Thank you for your careful reviews and feedback so far.

-Peter

Peter Newman (1):
  x86/resctrl: Fix task CLOSID/RMID update race

 arch/x86/kernel/cpu/resctrl/rdtgroup.c | 12 +++++++++++-
 1 file changed, 11 insertions(+), 1 deletion(-)


base-commit: 830b3c68c1fb1e9176028d02ef86f3cf76aa2476
-- 
2.39.0.rc1.256.g54fd8350bd-goog


^ permalink raw reply	[flat|nested] 6+ messages in thread

* [PATCH v5 1/1] x86/resctrl: Fix task CLOSID/RMID update race
  2022-12-14 11:44 [PATCH v5 0/1] Subject: x86/resctrl: Fix task CLOSID update race Peter Newman
@ 2022-12-14 11:44 ` Peter Newman
  2022-12-15 23:51   ` Reinette Chatre
  0 siblings, 1 reply; 6+ messages in thread
From: Peter Newman @ 2022-12-14 11:44 UTC (permalink / raw)
  To: reinette.chatre, fenghua.yu
  Cc: bp, derkling, eranian, hpa, james.morse, jannh, kpsingh,
	linux-kernel, mingo, tglx, x86, Peter Newman

When the user moves a running task to a new rdtgroup using the tasks
file interface or by deleting its rdtgroup, the resulting change in
CLOSID/RMID must be immediately propagated to the PQR_ASSOC MSR on the
task(s) CPUs.

x86 allows reordering loads with prior stores, so if the task starts
running between a task_curr() check that the CPU hoisted before the
stores in the CLOSID/RMID update then it can start running with the old
CLOSID/RMID until it is switched again because __rdtgroup_move_task()
failed to determine that it needs to be interrupted to obtain the new
CLOSID/RMID.

Refer to the diagram below:

CPU 0                                   CPU 1
-----                                   -----
__rdtgroup_move_task():
  curr <- t1->cpu->rq->curr
                                        __schedule():
                                          rq->curr <- t1
                                        resctrl_sched_in():
                                          t1->{closid,rmid} -> {1,1}
  t1->{closid,rmid} <- {2,2}
  if (curr == t1) // false
   IPI(t1->cpu)

A similar race impacts rdt_move_group_tasks(), which updates tasks in a
deleted rdtgroup.

In both cases, use smp_mb() to order the task_struct::{closid,rmid}
stores before the loads in task_curr().  In particular, in the
rdt_move_group_tasks() case, simply execute an smp_mb() on every
iteration with a matching task.

It is possible to use a single smp_mb() in rdt_move_group_tasks(), but
this would require two passes and a means of remembering which
task_structs were updated in the first loop. However, benchmarking
results below showed too little performance impact in the simple
approach to justify implementing the two-pass approach.

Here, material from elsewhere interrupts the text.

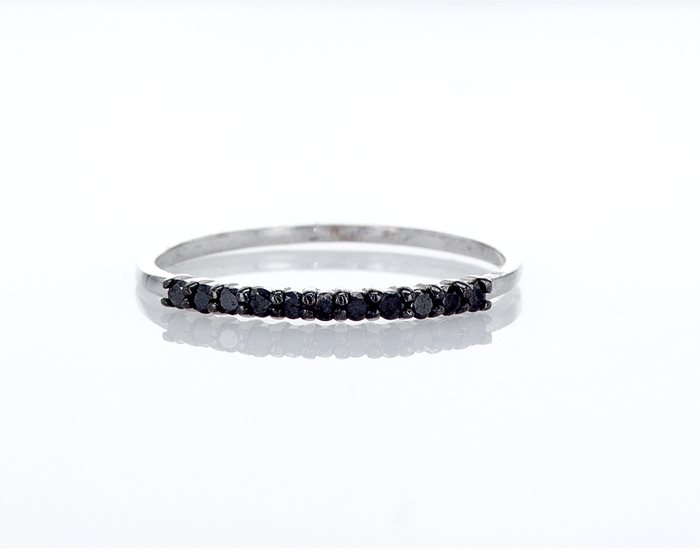 טבעת ''Kelly'' משובצת יהלומים שחורים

Times below were collected using `perf stat` to measure the time to
remove a group containing a 1600-task, parallel workload.

CPU: Intel(R) Xeon(R) Platinum P-8136 CPU @ 2.00GHz (112 threads)

 # mkdir /sys/fs/resctrl/test
 # echo $$ > /sys/fs/resctrl/test/tasks
 # perf bench sched messaging -g 40 -l 100000

task-clock time ranges collected using:

 # perf stat rmdir /sys/fs/resctrl/test

Baseline:                     1.54 - 1.60 ms
smp_mb() every matching task: 1.57 - 1.67 ms

Signed-off-by: Peter Newman <peternewman@google.com>
---
 arch/x86/kernel/cpu/resctrl/rdtgroup.c | 12 +++++++++++-
 1 file changed, 11 insertions(+), 1 deletion(-)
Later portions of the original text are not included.